**Data records**
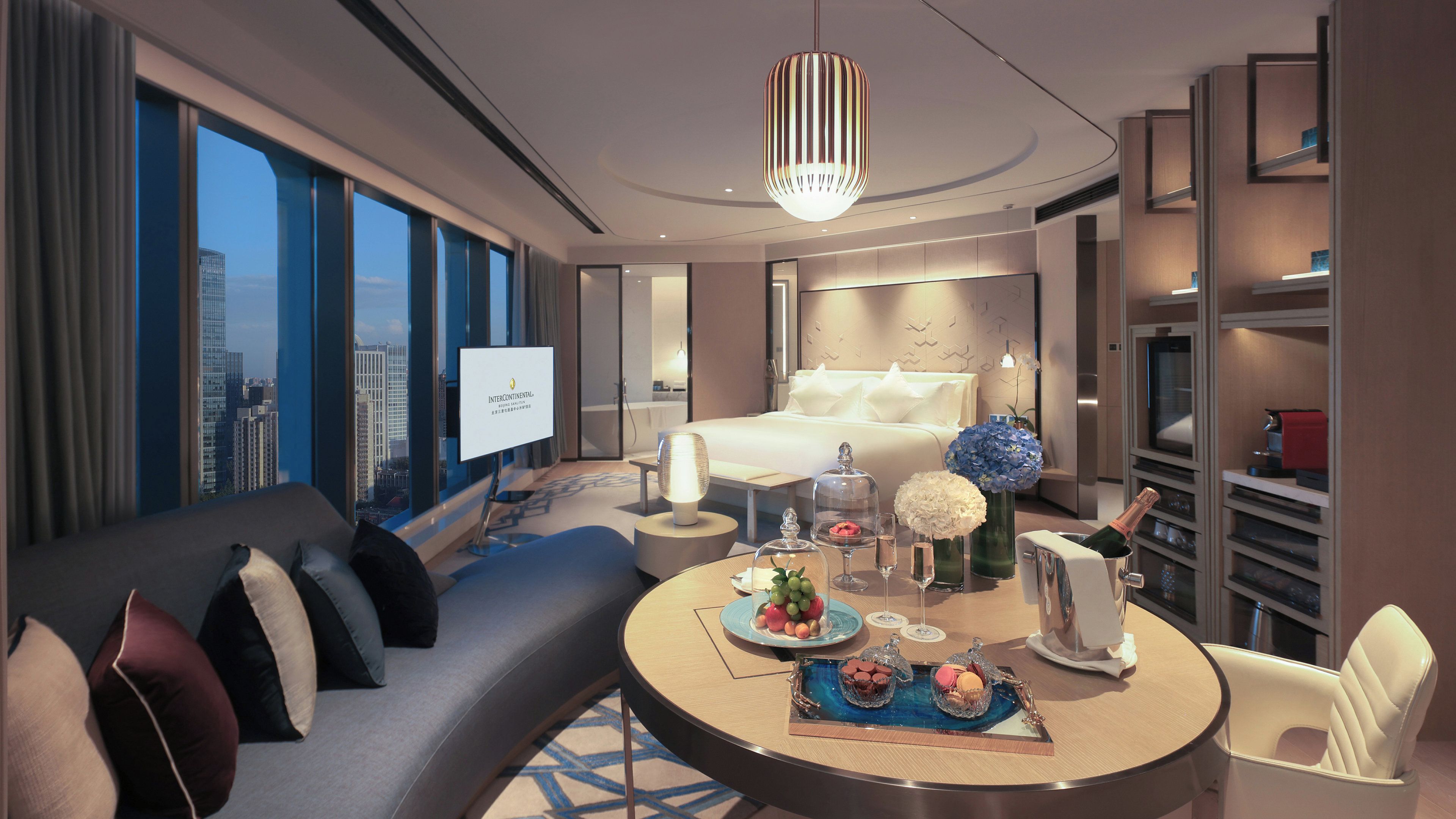 A modern hotel room with a bed, a sofa, a dining table with food and drinks, and a city view through large windows.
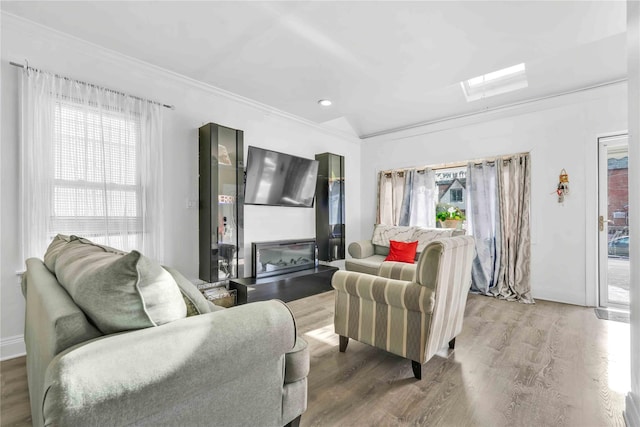 living room featuring crown molding, a healthy amount of sunlight, lofted ceiling with skylight, and hardwood / wood-style floors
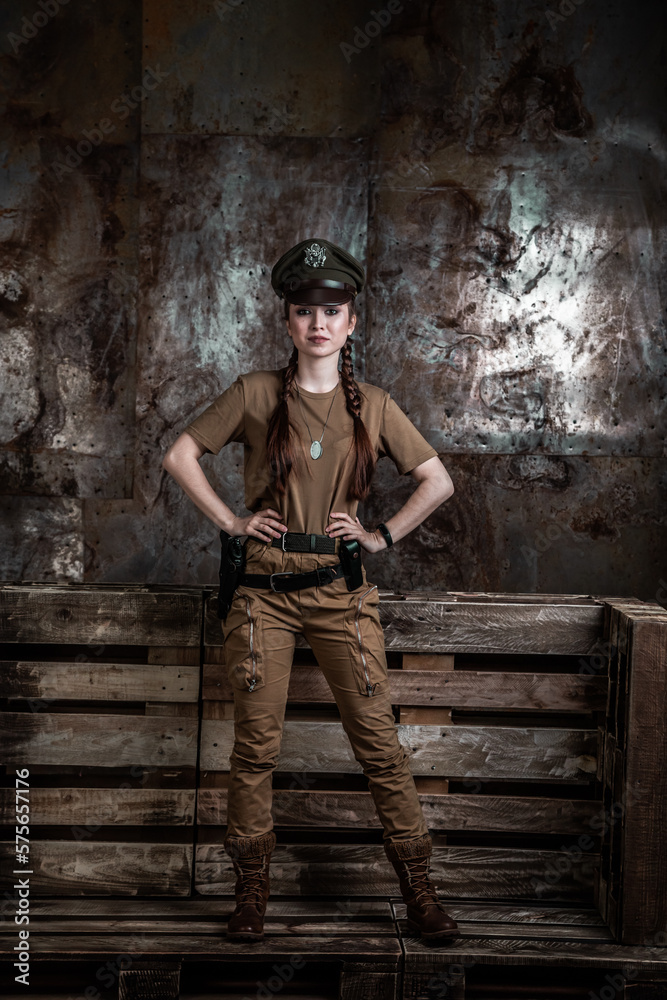 American pilot. A beautiful young woman in a uniform and with a weapon on the background of a metal wall. Staged photo. Studio light. American pilot. A beautiful young woman in a uniform and with a weapon on the background of a metal wall. Staged photo. Studio light.
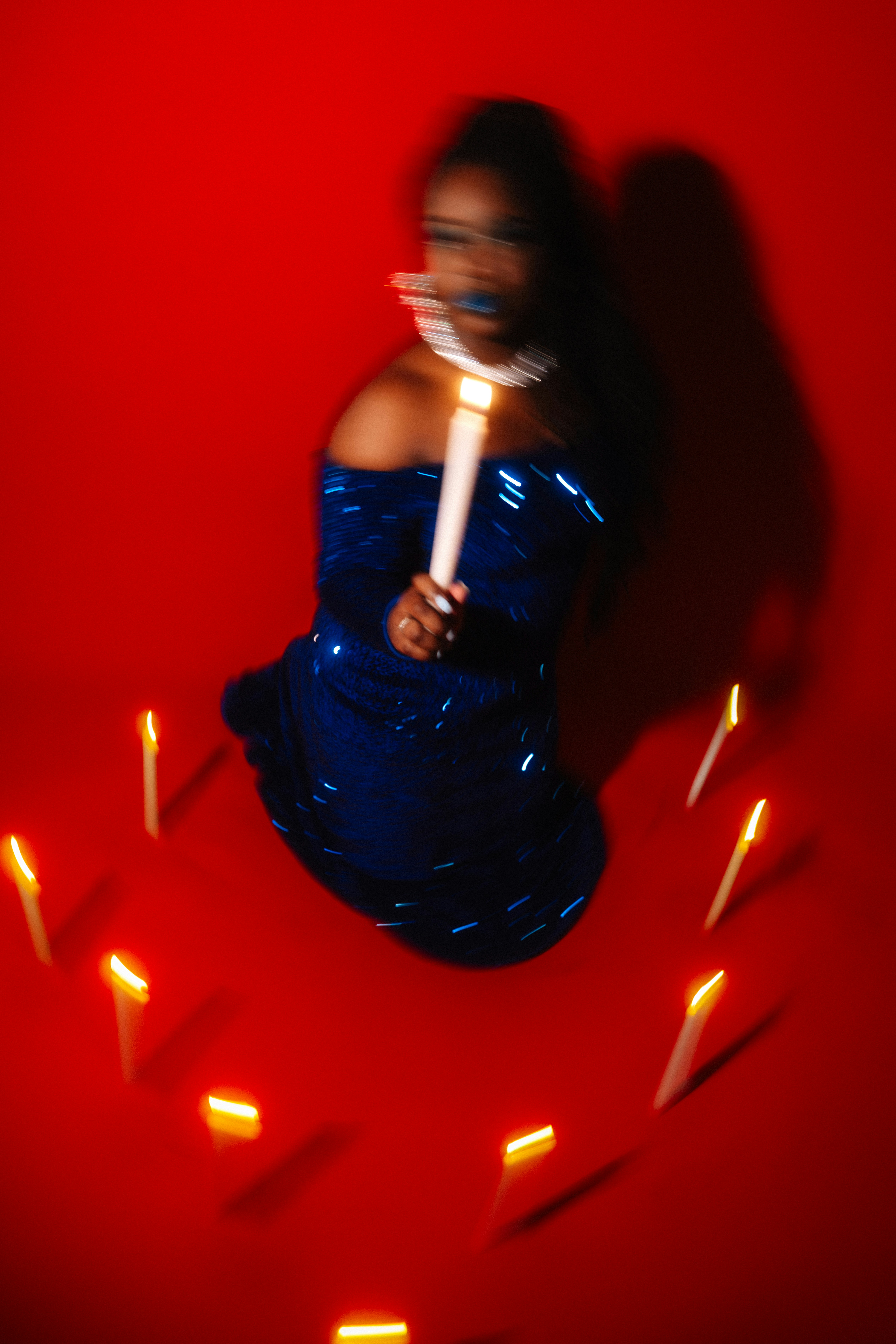 Woman in blue dress holds candle surrounded by lit candles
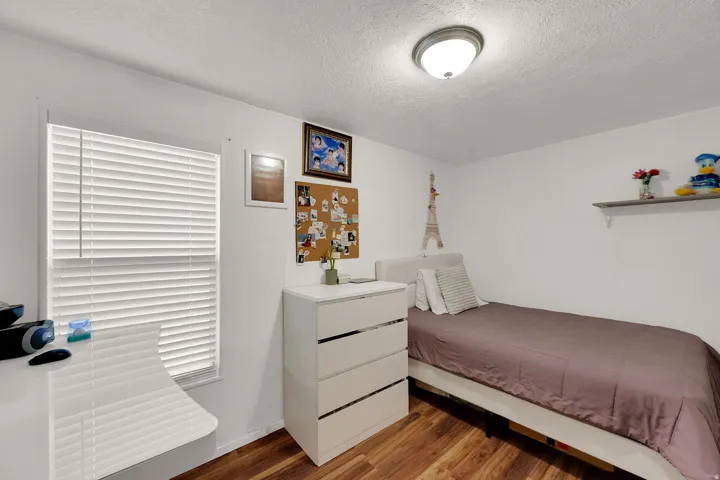 Bedroom with light wood-style flooring and a textured ceiling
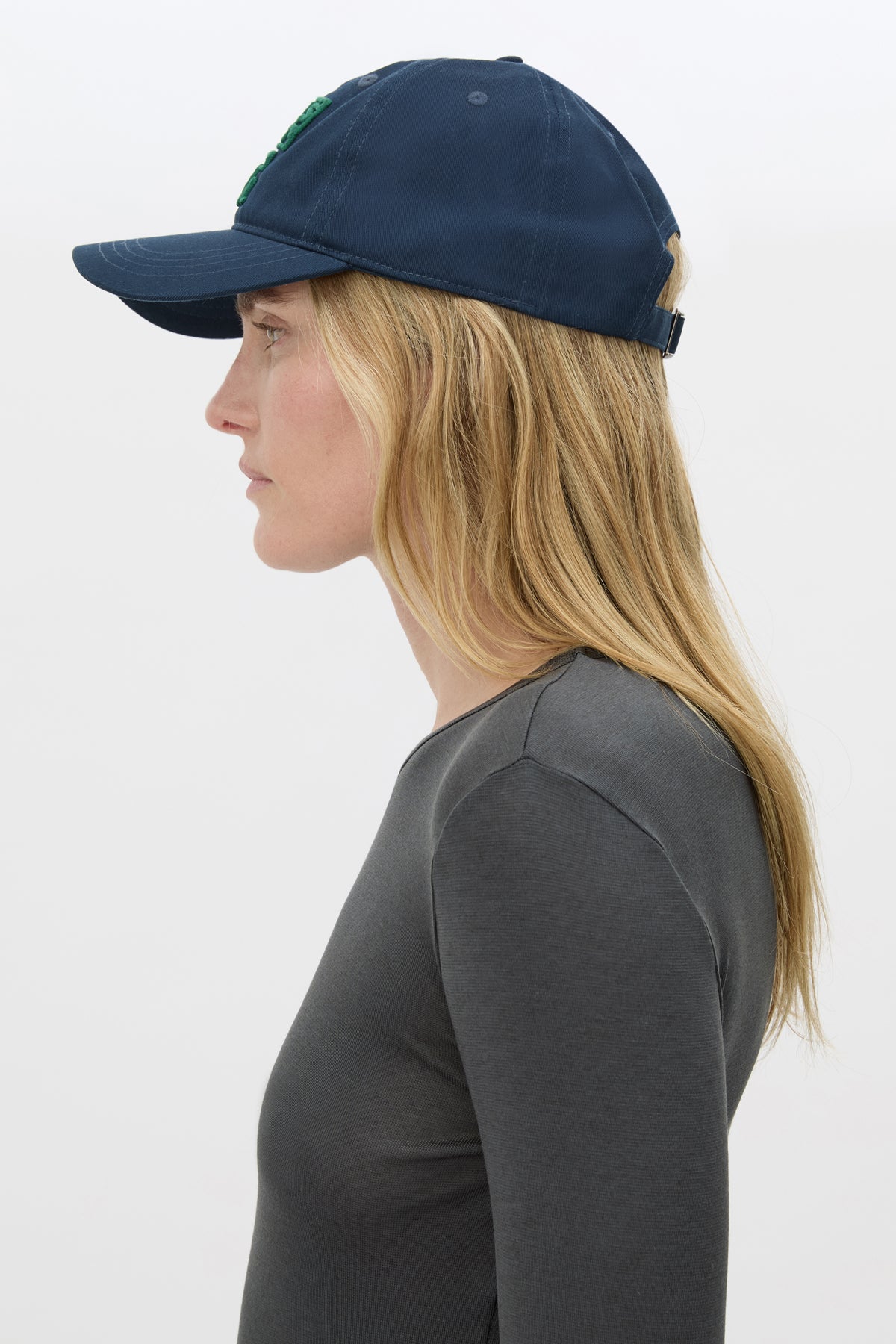 Side view CAMILLA AND MARC Sonora Embroidered Logo Cap in Deep Ink with embroidered artwork.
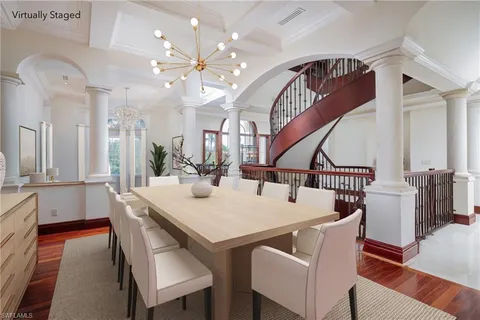 a view of a dining room and livingroom with furniture wooden floor and a chandelier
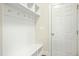 Functional mudroom featuring a bench, hooks, and storage space at 5148 Glen Creek Trl, Garner, NC 27529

**How to complete this task**
A word-for-word copy of the listing is needed. It must not include the pictures.

**Answer for the task**
 A modern hotel room with a bed, a sofa, a dining table with food and drinks, and a city view through large windows.
 living room featuring crown molding, a healthy amount of sunlight, lofted ceiling with skylight, and hardwood / wood-style floors
 American pilot. A beautiful young woman in a uniform and with a weapon on the background of a metal wall. Staged photo. Studio light. American pilot. A beautiful young woman in a uniform and with a weapon on the background of a metal wall. Staged photo. Studio light.
 Woman in blue dress holds candle surrounded by lit candles
 Bedroom with light wood-style flooring and a textured ceiling
 Side view CAMILLA AND MARC Sonora Embroidered Logo Cap in Deep Ink with embroidered artwork.
 a view of a dining room and livingroom with furniture wooden floor and a chandelier
 Functional mudroom featuring a bench, hooks, and storage space at 5148 Glen Creek Trl, Garner, NC 27529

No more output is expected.